Restiamo ancora nei dati della parabola. Il re è il Padre, ma è anche il solo che può possedere una cifra così sproporzionata: 10.000, infatti, è la cifra più grande espressa in lingua greca, e il talento è la misura di peso maggiore (circa 36 Kg). Il valore di un talento è pari a 6.000 giornate lavorative: per saldare un simile debito uno dovrebbe lavorare quasi 200.000 anni! Se poi dovessimo trasportare diecimila talenti di metallo prezioso, occorrerebbero 360 furgoni (ognuno con 10 quintali): una colonna di circa 3 Km!

Con queste cifre si comprende meglio, allora, come la giustizia del Figlio che introduce nel regno del Padre sia ben diversa e infinitamente superiore a qualunque giustizia umana. Quella di Dio è la giustizia di chi ama e di chi si sente in debito verso tutti perché tutto misura sul proprio rapporto con Dio e, prima ancora, sul rapporto che Dio ha con noi. La riconciliazione che offriamo all'avversario, l'accoglienza che riserviamo ai piccoli, la ricerca del bisognoso, la correzione fraterna del colpevole, il perdono donato al nostro debitore, sono tutti atteggiamenti modellati – e anticipati – dal rapporto che Dio stesso ha con noi. La giustizia di Dio non ristabilisce una fredda parità, perché la sua è la disparità della misericordia dove l'amore sovrabbonda il peccato. La misura di questo amore senza misura è dato proprio dal Figlio crocifisso per amore. E il Padre ci vede suoi figli proprio nel Figlio unigenito.
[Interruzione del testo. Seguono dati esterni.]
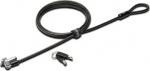 Ken Lukk Kensington K64440WW v&otilde;tmetega/Keyed Laptop Lock N17 for Dell and laptops/tablets with a wedge-shaped lock slot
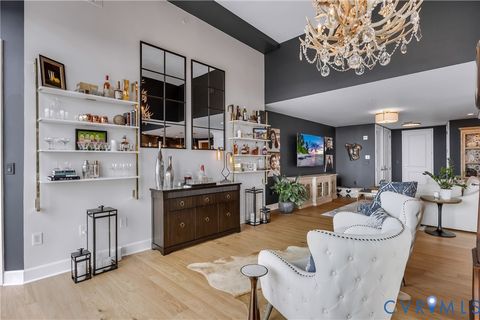 Tiny photo for 301 Virginia Street #U1808, Richmond, VA 23219 (MLS # 2523685)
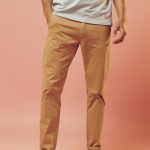 PANTALON PUKA - beige - 28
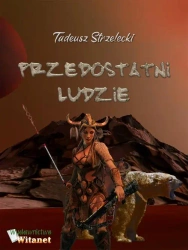 eBook Przedostatni ludzie - Tadeusz Strzelecki epub mobi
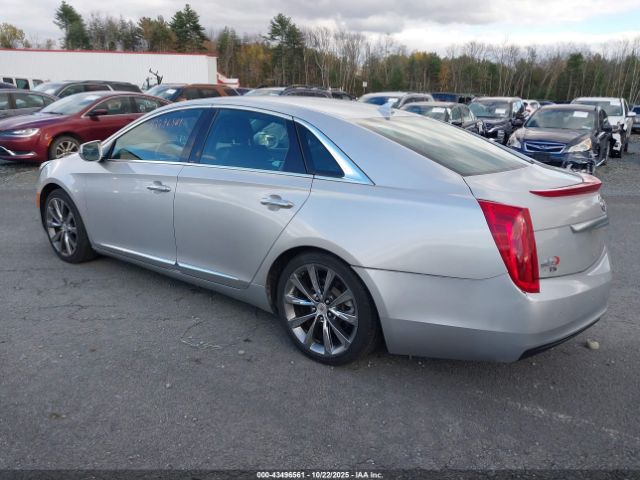 2013 CADILLAC XTS 2G61N5S33D9168532 Photo 2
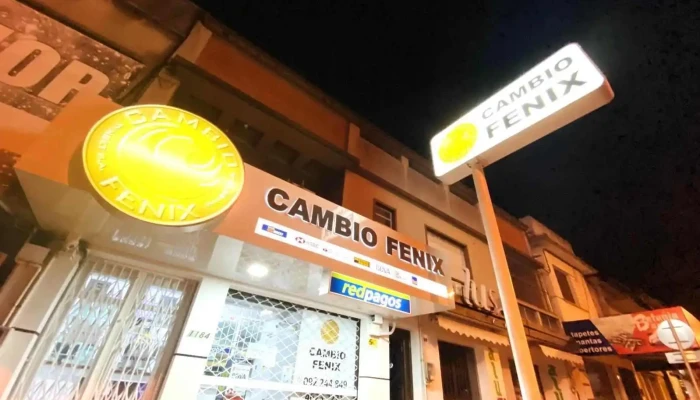 Cambio Fenix - 40000 Rivera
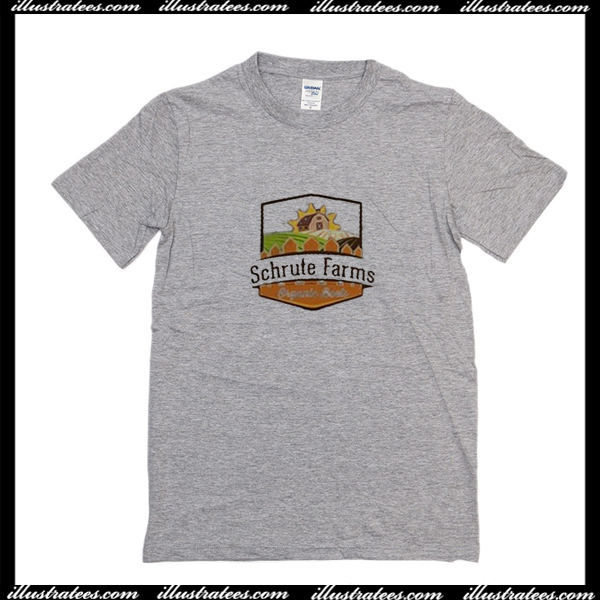 Schrute Farms T Shirt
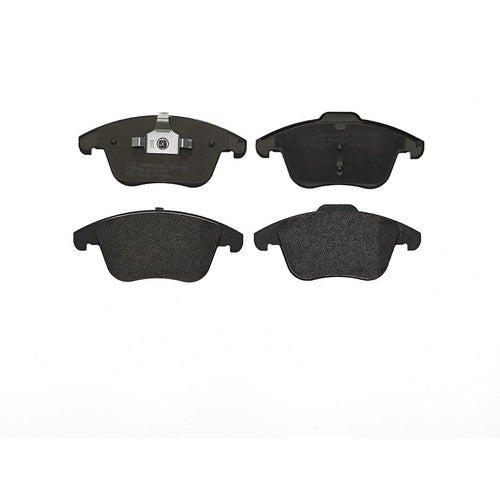 Brembo Front Low Metallic Brake Pads Fits 2011-2018 Volvo S60 4 Pc Brakes P24076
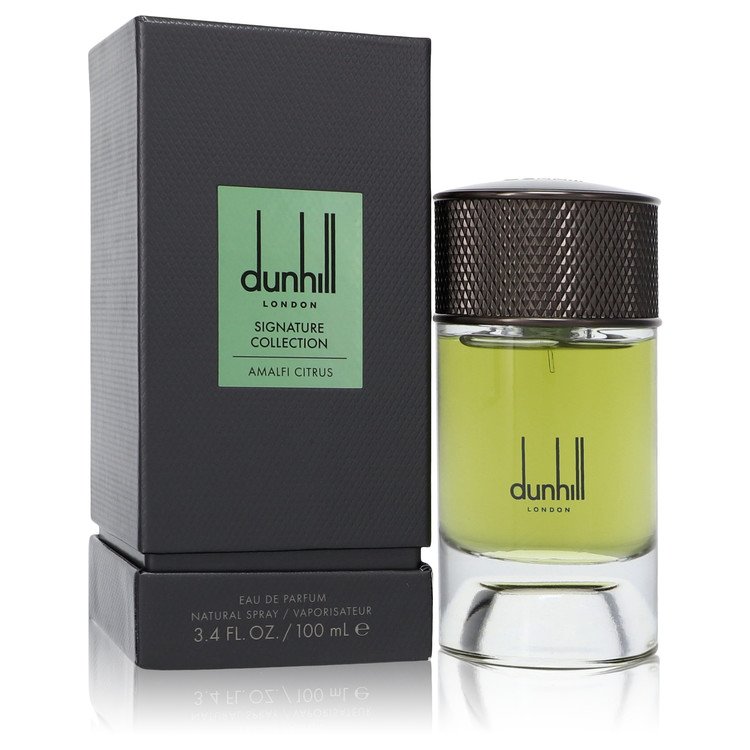 Dunhill Amalfi Citrus 3.4oz Men EDP Spray — 1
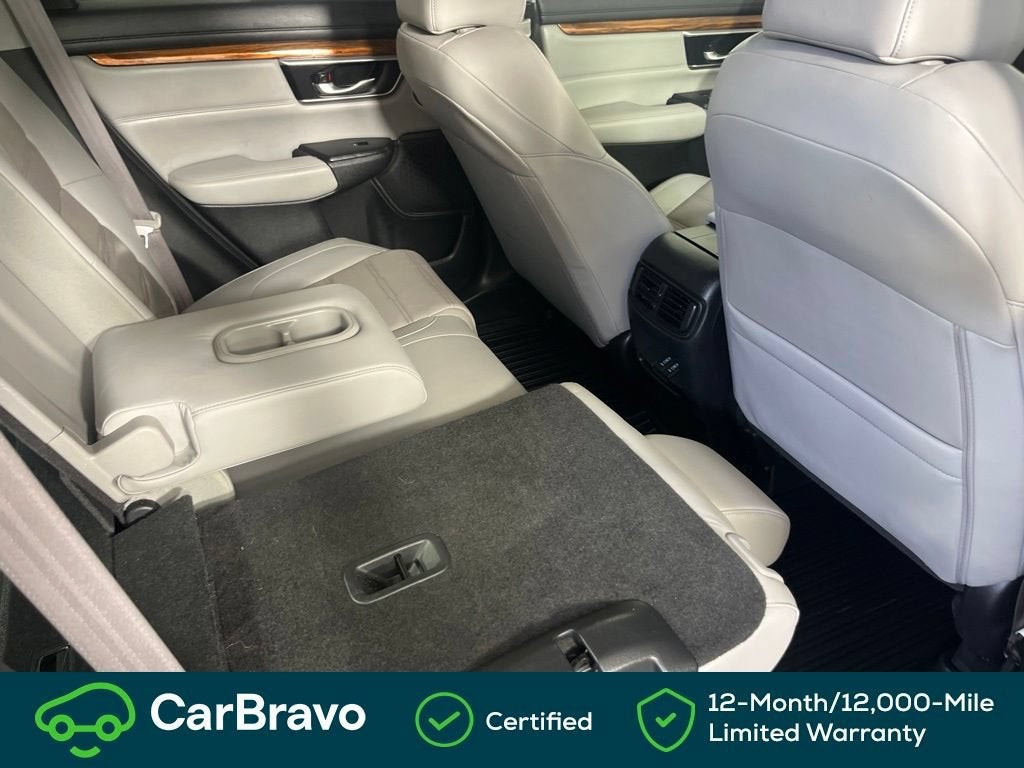 2022 Honda CR-V AWD EX-L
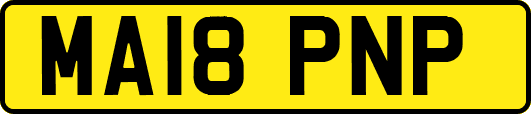 MA18PNP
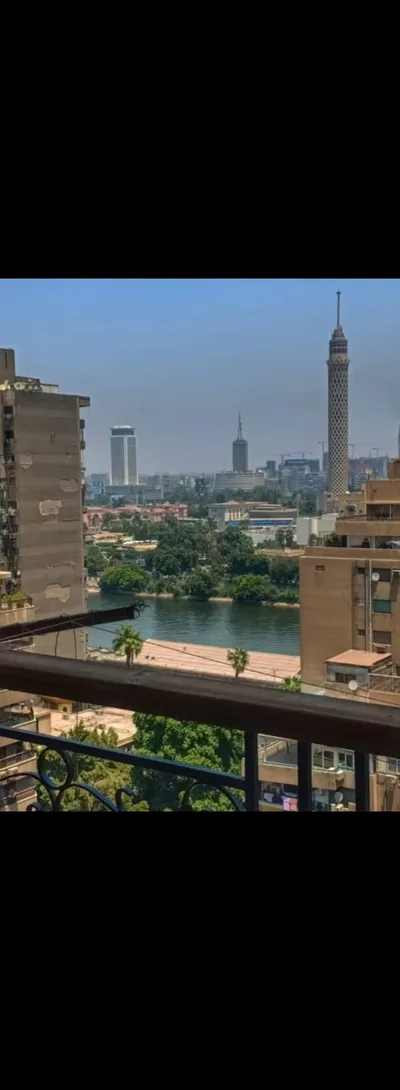 الدقي امام شيراتون القاهرة  in الجيزة, الدقى - 9,000,000 EGP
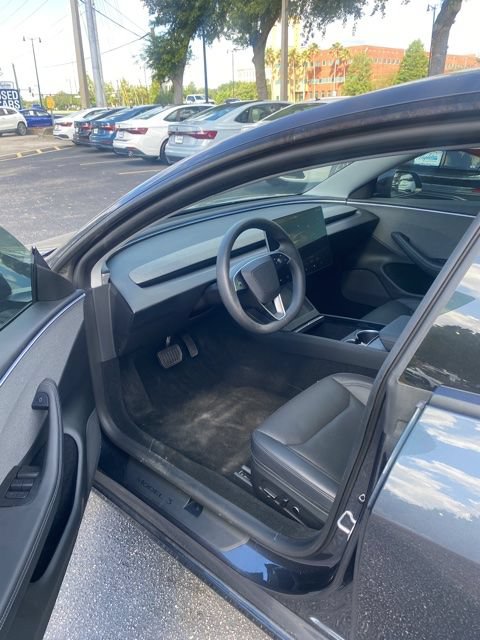 Used 2024 Tesla Model 3 Standard Range RWD image 14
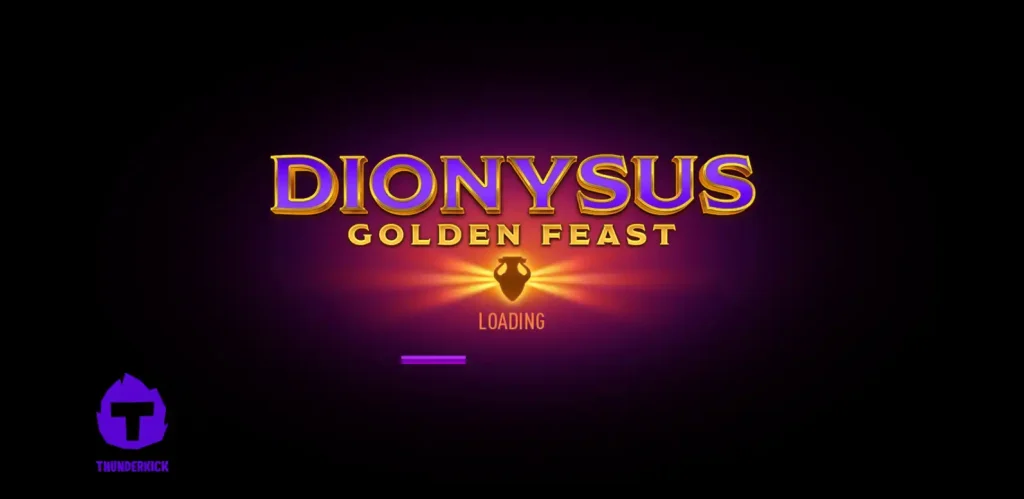 Dionysus Golden Feast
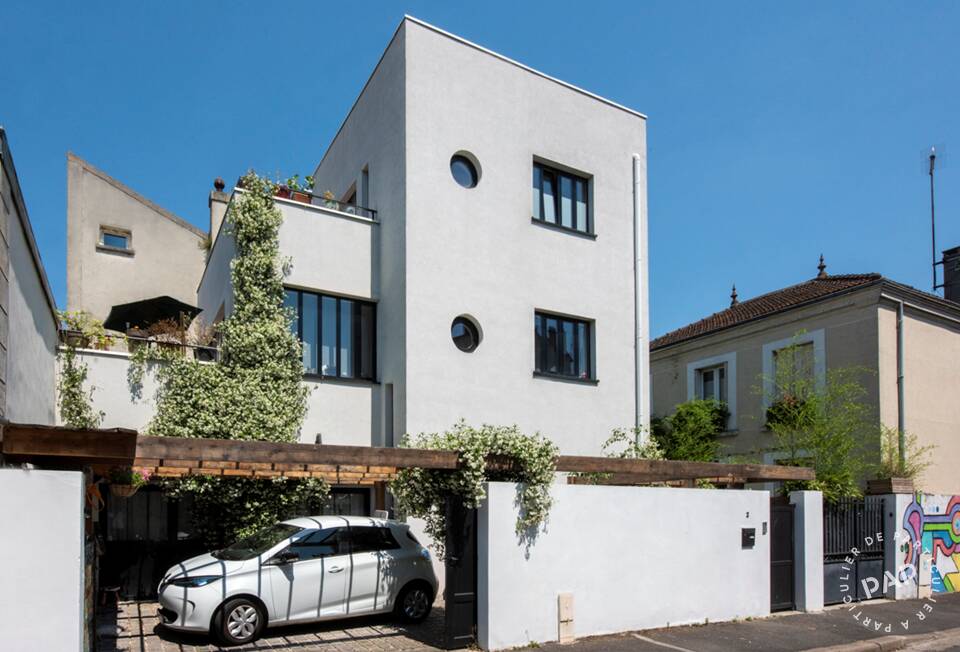 Maison 6 pièces 135 m²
Da sola, una pagina di Vangelo come questa, basterebbe a far decidere a divenire cristiani, a vincere ogni resistenza ideologica all'ultimo passo verso la conversione. Perché questa non è una semplice pagina di etica, che si limita a dire cosa è bene fare e non fare, ma di ontologia, perché dice chi è Dio e chi siamo noi.

Avvicinandosi la Pasqua, il Vescovo Agostino diceva ai cristiani di Ippona: "Fratelli, che non ci sia disaccordo fra voi. E' possibile che voi pensiate in fondo al cuore: Voglio fare la pace, ma è mio fratello che mi ha offeso: e non ha chiesto scusa! Perché chiedere scusa a qualcuno che non hai offeso? Tu sii solamente pronto a perdonare colui che ti ha offeso, totalmente pronto, e con tutto il cuore. Ma ti rimane ancora da pregare per tuo fratello, perché ti chieda scusa... Così potremo celebrare la passione di colui che non deve nulla a nessuno e che il mondo intero ha offeso. E' lui che dobbiamo prendere come testimone".

Come si fa a vivere il perdono? E con chi iniziare? Iniziare con i vicini, in famiglia, sul lavoro, a scuola... L'istinto ci indicherà i difetti degli altri, la memoria il loro passato ... Occorre un occhio nuovo e la capacità di accettarli sempre, come una madre che non rinnega mai i suoi figli. Ecco, perdonare è come generare l'altro dentro di sé, ridargli vita. E non per fare una bella figura, ma per sanare noi stessi da quell'odiosità del servo malvagio e, soprattutto, scampare dalla giustizia divina: "Sdegnato, il padrone lo diede in mano agli aguzzini, finché non avesse restituito tutto il dovuto. Così anche il Padre mio celeste farà con voi se non perdonerete di cuore, ciascuno al proprio fratello". Se non c'è misericordia, ci sarà giustizia. Il modello del settanta volte sette è descritto da Gesù nell'ultima cena, prima della sua passione: "Non c'è amore più grande di chi dà la vita per gli amici". Il modello è Gesù e il "padrone", in realtà, è il Padre che perdona settanta volte sette.